'The devil looks after his own, I might have known it,' he muttered, tossing away one pistol and raising the other. 'The gentleman stands too far off. Let him come closer. I can't see him.'
Lord Clare approached nearer, and again fired wildly; while his opponent was so diabolically deliberate, that he could not help observing through the stillness of expectation: 'It won't be your fault if you don't kill me, Curran!'
'Did ye ever hear tell of Moran's collar?' inquired the advocate, as, closing one eye and screwing up his mouth into an O, he covered the chancellor. 'It was worn by justices in ould days, and had the wondrous property of contracting or relaxing according to his just or unjust conduct. How mightily it would have choked your lordship!'
Curran fired at last. The chancellor staggered, but recovered himself.
'A hit!' shouted Curran.
'A hit, a hit!' yelled the rooks, in the gathering darkness. One piping bird-voice cried above the rest, 'Moiley shall eat him!'
A multitude of friends vied with each other in sympathy for the chancellor. Cassidy supported him, despite his struggles, on his knee, while one ripped open his small clothes and another produced a probe.

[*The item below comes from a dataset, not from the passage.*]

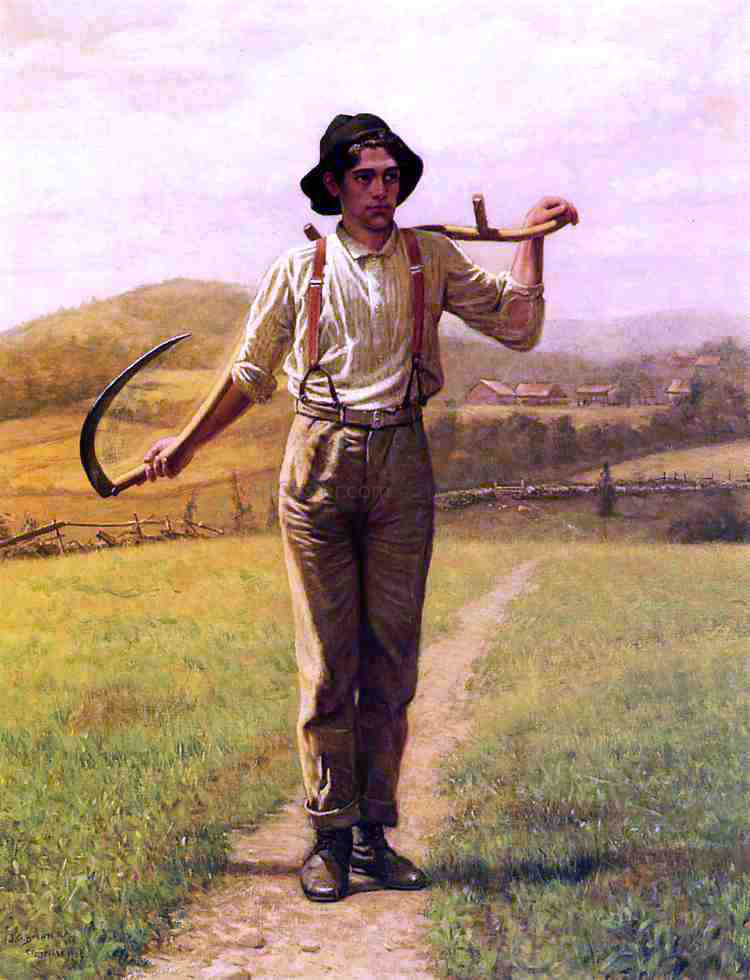  John George Brown Fieldhand with Sythe - Hand Painted Oil Painting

On the fair skin there was a dark mark--a tiny trickle of blood like a pin's scratch. The sight of it produced a murmur of astonishment. Lord Clare could conceal his fury no longer.
'Damn you all! Damn you, I say! for a pack of donkeys!' he cried, almost foaming. 'It's the gingerbread nuts that I eat in the long debate--they've saved me from a bullet-wound--there--laugh away, and get you gone--I've danced too long already to your asinine piping!'
'One more blaze, my lord?' coaxed Cassidy, unconvinced, amid general tittering.